Une étude rendue publique mardi 17 mars par l’Agence nationale de contrôle du logement social met en lumière l’inadéquation entre les loyers des logements existants et les moyens des locataires. Ainsi, alors que 62 % des demandeurs de logement HLM ont des ressources inférieures aux plafonds des logements très sociaux (dits « PLAI », dont la construction est la plus aidée par des prêts avantageux), ce type d’habitations ne constitue que 41 % du parc existant, part elle-même en baisse constante. A l’inverse, le poids des logements destinés aux demandeurs aux ressources plus élevées ne cesse de croître.
Paupérisation de la population d’un côté, montée en gamme et des prix des logements sociaux de l’autre. Le décalage entre les besoins et l’offre ne cesse de se creuser. Tout se passe comme si ce secteur-clé pour la justice sociale marchait sur la tête. Le fait que l’alarme soit sonnée par l’agence de l’Etat chargée de contrôler le secteur ne fait qu’appuyer le diagnostic.
Les responsabilités de cette situation aberrante et dangereuse sont multiples : à celle des maires, réticents à accueillir les populations défavorisées, s’ajoute celle des organismes HLM, pour qui les logements très sociaux, aux loyers très bas – un peu plus de 6 euros le mètre carré en moyenne –, sont peu rentables. Quant à l’Etat, il s’est désengagé du Fonds national d’aide à la pierre, qui a longtemps compensé le manque à gagner lié aux bas loyers.
Cette situation s’inscrit dans un contexte d’envolée des demandes de logement social, qui ont atteint un nombre record de 2,9 millions fin 2025. Elle reflète une problématique plus large : la paupérisation des classes populaires, liée à la précarisation du travail. Nombre des locataires du parc HLM le plus social ont un ou des emplois, mais mal rémunérés.
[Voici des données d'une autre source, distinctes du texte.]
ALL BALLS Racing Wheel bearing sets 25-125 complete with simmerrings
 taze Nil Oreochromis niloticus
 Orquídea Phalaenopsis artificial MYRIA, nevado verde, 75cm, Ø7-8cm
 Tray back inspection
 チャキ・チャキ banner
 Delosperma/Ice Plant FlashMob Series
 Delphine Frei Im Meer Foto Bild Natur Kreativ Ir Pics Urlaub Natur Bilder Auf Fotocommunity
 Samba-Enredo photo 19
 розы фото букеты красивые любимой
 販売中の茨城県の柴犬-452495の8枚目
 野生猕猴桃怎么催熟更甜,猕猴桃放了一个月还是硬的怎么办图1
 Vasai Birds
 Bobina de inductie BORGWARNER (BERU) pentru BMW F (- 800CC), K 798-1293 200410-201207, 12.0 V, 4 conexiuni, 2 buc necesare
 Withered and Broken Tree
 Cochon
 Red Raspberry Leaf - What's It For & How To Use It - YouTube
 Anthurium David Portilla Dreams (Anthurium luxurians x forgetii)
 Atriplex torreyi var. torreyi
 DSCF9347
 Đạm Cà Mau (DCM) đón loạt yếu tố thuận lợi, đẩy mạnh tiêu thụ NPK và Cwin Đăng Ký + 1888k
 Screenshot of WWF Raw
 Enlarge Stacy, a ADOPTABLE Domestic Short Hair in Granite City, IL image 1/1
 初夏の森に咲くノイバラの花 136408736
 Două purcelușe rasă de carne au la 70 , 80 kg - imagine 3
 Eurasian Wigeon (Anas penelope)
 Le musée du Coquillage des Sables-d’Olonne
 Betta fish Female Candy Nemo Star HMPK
A contrario, le décalage croissant entre offre et demande de HLM valide puissamment la logique de la politique de la ville fondée sur l’idée d’efforts conjoints des élus locaux, des bailleurs sociaux et de l’Etat, pour éviter le creusement des poches de pauvreté et favoriser la mixité sociale. Il conduit néanmoins à un regard critique sur les politiques de rénovation urbaine, qui tendent à restreindre le parc locatif accessible aux plus défavorisés, en remplaçant des barres et tours habitées par ces derniers par des immeubles aux loyers qui ne leur sont pas accessibles.
Il est urgent de mettre fin à la cécité et au mutisme sur le logement social, au cœur des colères et des rancœurs des Français. Ce secteur doit retrouver sa raison d’être par une action et un financement volontariste de l’Etat, à rebours des tendances actuelles marquées par la remise en question des quotas légaux de construction de HLM et par l’extension des pouvoirs des maires de sélectionner les locataires. La question du logement, préoccupation majeure des électeurs, très insuffisamment portée par les discours politiques, doit devenir l’un des débats-clés de la prochaine élection présidentielle.